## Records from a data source
=======

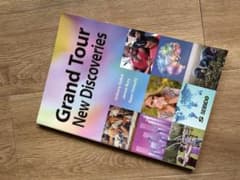Grand Tour - New Discoveries / 新たな時代への冒険のサムネイル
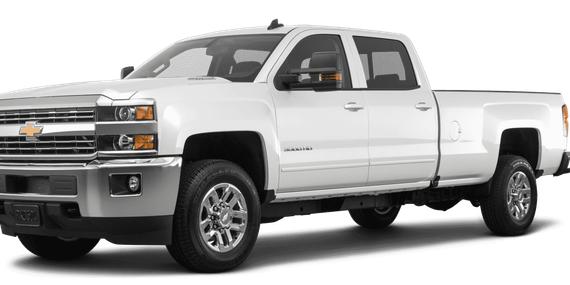 CHEVROLET SILVERADO 2017 1GC4KZEG4HF221342 image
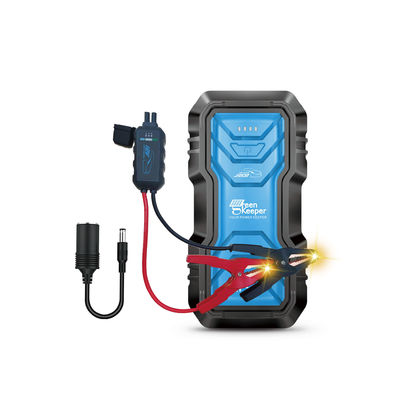 Batterie Sprungstarter LED-Licht 12V 7.0L Benzinfahrzeug 2000A Lithium mit DC 12V 5.5 Ausgang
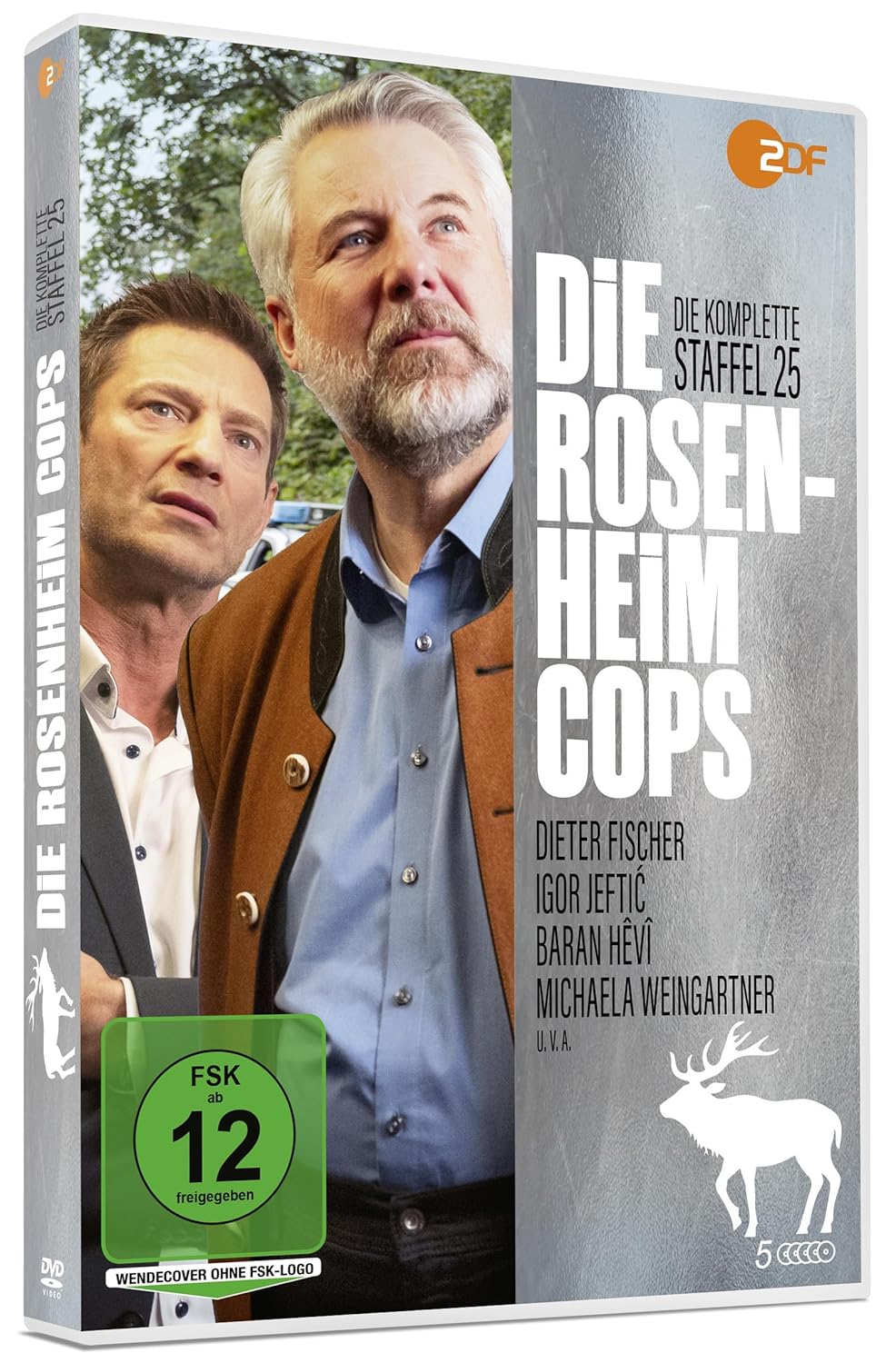 Die Rosenheim-Cops Staffel 25 - Image 5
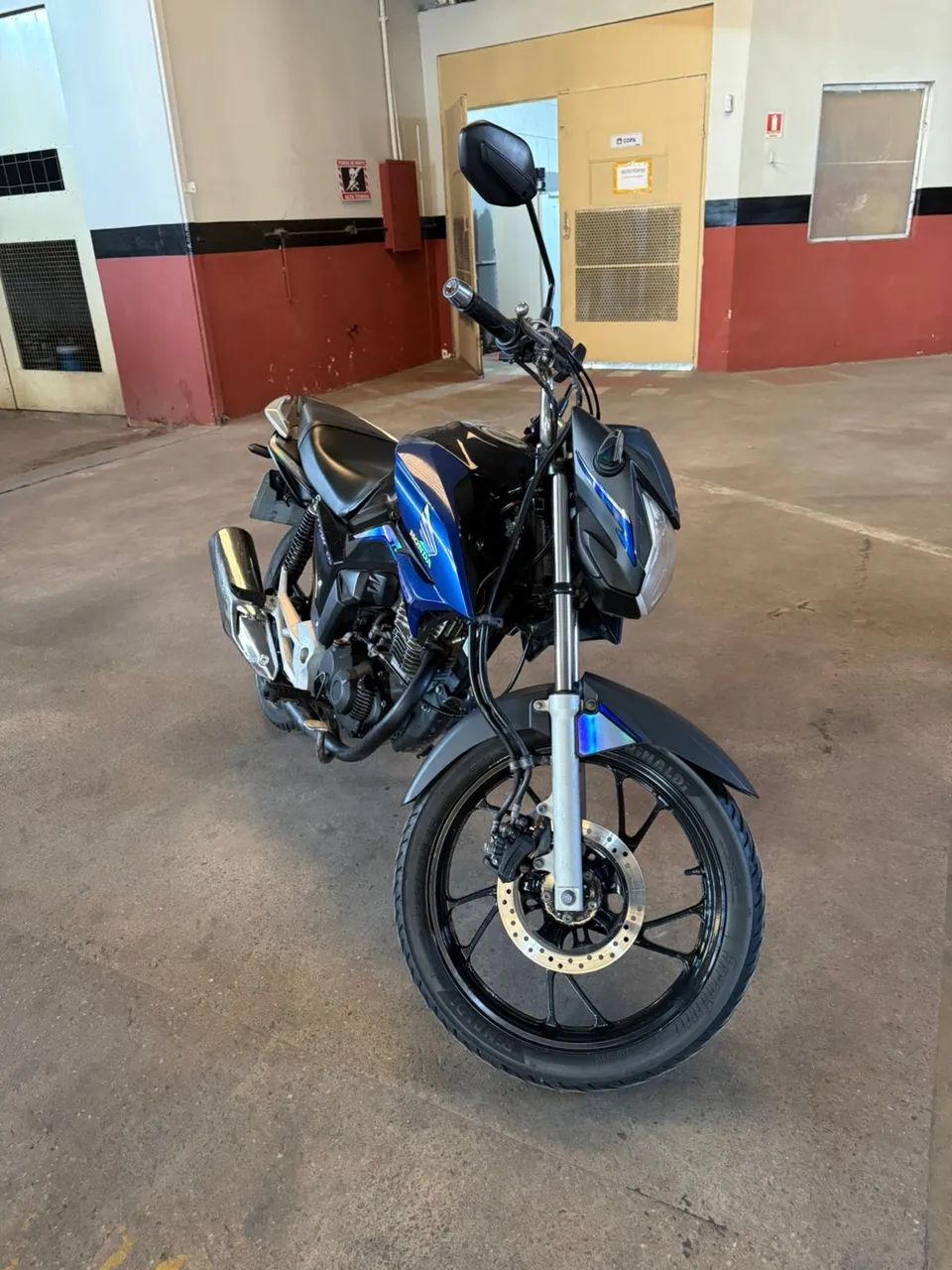 Vendo linda cg titan 169/2024 - Foto 5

=======

Leave the pictures out and reproduce all of the records exactly.

Grand Tour - New Discoveries / 新たな時代への冒険のサムネイル
 CHEVROLET SILVERADO 2017 1GC4KZEG4HF221342 image
 Batterie Sprungstarter LED-Licht 12V 7.0L Benzinfahrzeug 2000A Lithium mit DC 12V 5.5 Ausgang
 Die Rosenheim-Cops Staffel 25 - Image 5
 Vendo linda cg titan 169/2024 - Foto 5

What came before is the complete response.